Things That Go Bang!

My normal policy is not to let everyone know just what I have - I think not paying attention to the reputation that built up helped cost me some stolen guns. So I've never posted some of my guns before. But what the hell, here goes:

I loaded up the other morning and headed out to a very good friends' place to exercise both some guns and myself.

Clockwise from the upper right: first up is a Rock Island Armory GI style 1911. This puppy has a very soft spot in my heart - the gentleman who owns the place I shot at also has two older brothers, one a year older than me, and one I've been friends with since we were four. Their parents were of the "extra" variety to me - I was always welcome, encouraged, and helped from time to time. There are camping trips in our past. They were one of the first families to have a C-Band system, and I spent many an hour on the floor watching stuff no one else got to see - HBO and the like. I consumed many a meal under with my feet under their table, and even more cool - I got to shoot all their latest go bang toys over the years.

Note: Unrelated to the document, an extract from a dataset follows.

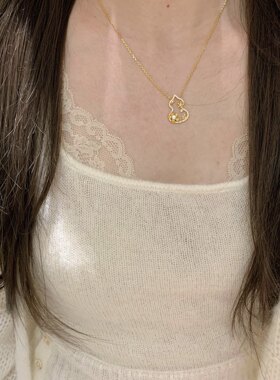 小红书爆款桂花葫芦项链女新中式简约优雅小众精致百搭款锁骨链女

When the place burned down, I got a call not long afterwards from the youngest brother. I was to stop by his house and see he, his wife and his mom. I figured I'd be getting some money or something, but I wasn't sure, naturally. So, when I arrived and relaxed, M started in recalling those times growing up and how close we all were. And he brought up a very salient point - that they were not like other families. That they could recognize needs beyond just having cash - anyone could give me cash, but they weren't like that. He and his brothers knew that I had a Kimber Eclipse stolen, and that I also had Citadel 1911 fairly dressed out that perished in the fire, so that left me without a 1911. Well, that simply would not do - a gentleman always has a 1911 to arm himself with, so they got together and got me one, plus a box of ammo with some cash stuffed in with the shiny new hardball.

That firearm has far too much sentimental value to ever go bye bye for whatever reason. And besides, it shoots too well, too. I've always held that my eyes don't appreciate the tiny sights, but the truth is I do pretty well with 'em. The sight picture just seems a tad more precise than the blocky Novak style. I also prefer far more checkering on the grips and front strap, but this one ain't goin' nowheres. It has a charm all it's own.

Next up is a Ruger Single Six in .22LR. I've also got the 22 Mag cylinder but have no ammo. Single action six shooters are a favorite, and having one in .22LR is just a bonus. It's a sweetheart to shoot.

Then we come to another Ruger - a New Model Vacquero in .357Mag. You'll notice it's not .45Colt. Since .357 is a caliber I already have, it just made sense to me that when slightly rebuilding my collection to do without so many different calibers - concentrate on a few for simplicity's sake. Of course, with the ammo shortage and all, .45Colt shows up at the local Wally World with amazing regularity, and .357Mag and .38Sp are like hen's teeth. So much for that strategy.

When shooting a double action like a 29 variant in .44Mag, it always feels like the backstrap is trying to hammer the web of my right hand, compared to a Blackhawk in the same caliber rolling in your wrist. Those spade grips sure seem recoil friendly to me. Not that I mind the recoil of the double action style unless we're talking some little five rounder with a two inch barrel. That size pistola in .44Mag would make an awesome self defense gat, but you'd never get past five rounds of practice with the thing. Or I wouldn't.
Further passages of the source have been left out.